We’re reminded often, most of these victims were ordinary people. Part of the intelligentsia, they were educated, productive, and independent. Solzhenitsyn himself was a decorated Red army commander with battle experience. After critiquing Stalin in a letter to a friend, Solzhenitsyn was removed from his post in the midst of World War II. He viewed the end-of-war celebration from a prison cell window. Solzhenitsyn had been fighting for Soviet Russia, for Stalin. His eyes were opened.

Was the gulag system corrective? These prisons weren’t for rehabilitation or even punishment. Gulag was for crushing people. If an inmate survived his or her ‘tenner’, later extended to twenty-five years for a single infraction, the State only hoped the released prisoner was sufficiently broken by the experience, unable to cause future trouble.

The prisons weren’t for rehabilitation or even punishment. Gulag was for crushing people.

The sheer and utter waste of the gulag system was hard to fathom. Western governments could not accept that a world power would destroy its own society. Indeed, at the time this was happening, some in the West struggled to accept reports the USSR was arresting its own population en masse. “Why would they?” Western powers employed their own principled reasoning to understand the Soviets. They couldn’t fathom a government would steal, beat, and enslave for profit.

One such example was the infamous ‘show trials’ of the 1930s. At Stalin’s request, many high-ranking Soviet officials were accused of treason and purged from the communist party. The accused were coerced into making public confessions, often reading mawkish statements written by their interrogators. Certain western journalists accepted this PR maneuver as legitimate because the defendants didn’t have to confess, did they? How could the majestic Soviet Union, a founding member of the United Nations, and later a nuclear superpower, behave like a criminal enterprise? It made no sense, did it?

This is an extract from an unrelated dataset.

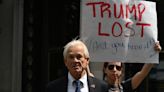 Judge Rules Against Peter Navarro And He Takes It Out On Protester's Sign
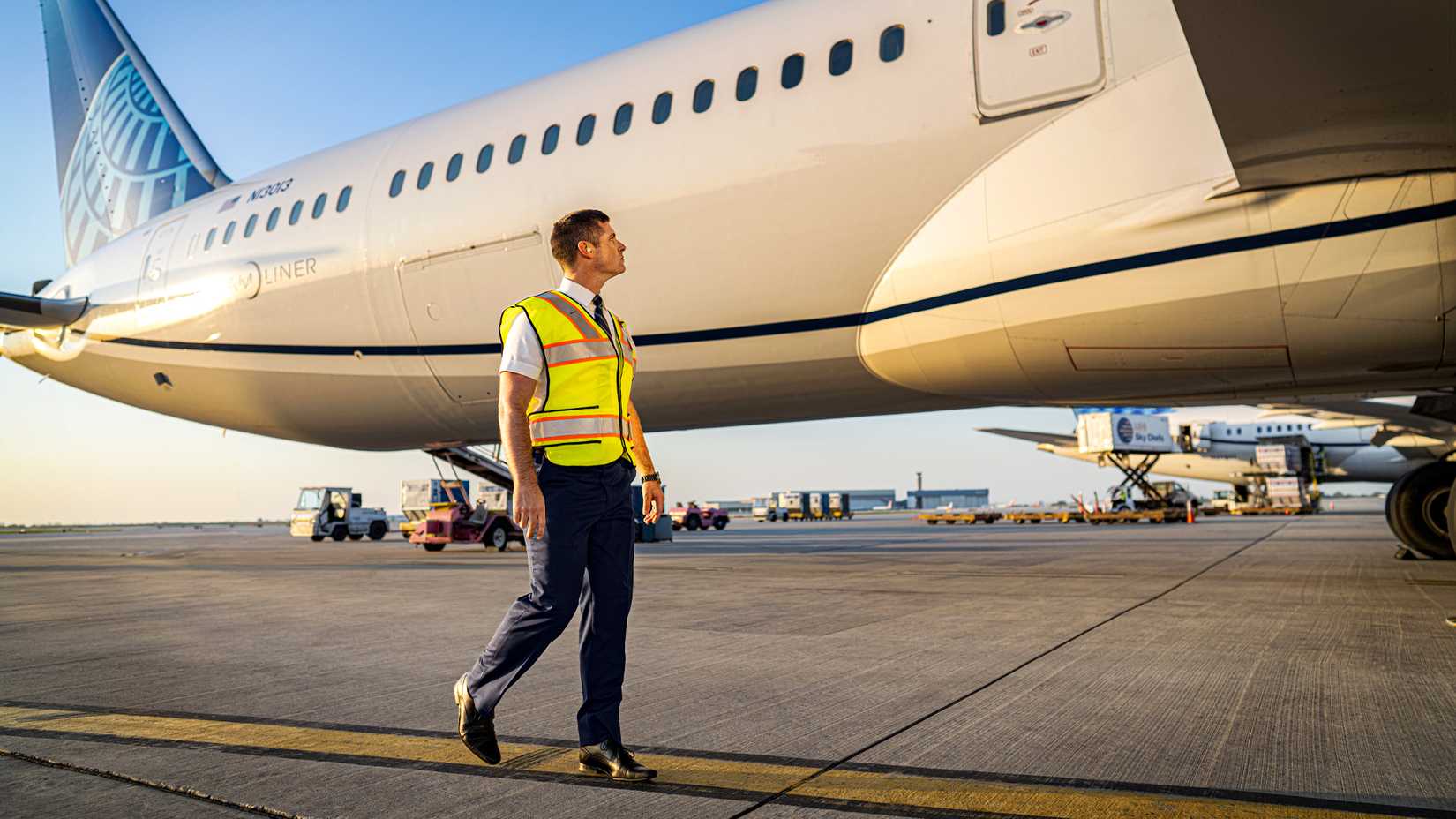 A United Airlines Pilot Walking By His Plane Custom Thumbnail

Our view of 20th-century communist regimes is almost patronizing. In school, American children learned about the backward, incompetent USSR. However, there was a clever, savage logic to Stalin’s actions. Stalin purged the ranks to stave off a coup that he richly deserved. He had taken the country by force and ruled only by fear. His leadership was always tenuous. Stalin lived a very long time, dying in 1953. It appears his plan worked.

The other motivation for gulag was financial. The so-called incorrigibles, whom Stalin rounded up and sent to dilapidated prisons, were used as slave labor for public works projects. They built railroads in remote areas in the dead of winter. They were counted on to repay Stalin with their health and often their lives. Many prisoners had nothing to offer except a pair of hands. They were assigned backbreaking work in harsh conditions and died quickly, only to be replaced by the newly-arrested.

How could the majestic Soviet Union, a founding member of the UN… behave like a criminal enterprise?

By a work of Providence, Solzhenitsyn was spared this fate. The gulag leaders asked if he had any special skills. Solzhenitsyn promoted himself as a nuclear physicist! The Soviets, quite ignorantly, assigned him to a scientific laboratory for political prisoners, not a camp for hardened criminals. Solzhenitsyn credits this transfer for saving his life.

The gulag program existed in the USSR for nearly thirty years. One may wonder why no resistance was mounted over this internal genocide, why no revolution took place. Quite the opposite. Citizens complied, each hoping to be spared a well-known fate. Solzhenitsyn marvels at the inaction of his own people, and himself, when faced with an unjust arrest. “Why didn’t you resist? Yes, resistance should have begun right there, at the moment of the arrest itself. But it did not begin.”

A reader today does not question this compliance, given Stalin’s merciless regime. Solzhenitsyn describes the shock of being arrested, the indignity. “In one moment, all the customs and habits of human intercourse you have lived with all your life have broken down.” You weren’t thinking straight. It’s what Stalin counted on.

The long history of gulags in his home country infuriates Solzhenitsyn. The Russian culture, renowned for art, music, ballet, literature, and the unmatched resiliency of its people, lost its 20th century. A government is established to enrich citizens’ lives, not to be the instrument of their deaths. And yet Solzhenitsyn knows, a government is rarely held accountable. He’s not an idealist. He didn’t write The Gulag Archipelago to shame the political criminals responsible. It would be a much less powerful book if he had.

For him, it’s about the victims. In 1958, when Solzhenitsyn began to write this chronicle, those imprisoned and killed by the Soviets were unknown, anonymous, forgotten. There was no recognition, let alone justice. Solzhenitsyn aimed to change that. He dedicates Volume 1 of his series “to all those who did not live to tell it. And may they please forgive me for not having seen it all, nor remembered it all, for not having divined all of it.”

Solzhenitsyn marvels at the inaction of his own people, and himself… “Why didn’t you resist?”

The Gulag Archipelago is a three-volume set. There was a lot to record over 30 years.

We’re not ignorant of the evils that governments do. In fact, a reader could miss the achievement of The Gulag Archipelago. In the West, investigative reporting is nearly a birthright. The information Solzhenitsyn collected by himself we have an army of reporters to gather. “We hear about abuses. A Soviet-style Gulag couldn’t happen.”

“Gulag” is an acronym, Glavnoe Upravlenie Lagerei. Translated, it means “Main Camp Administration.” Would this bland name raise eyebrows today?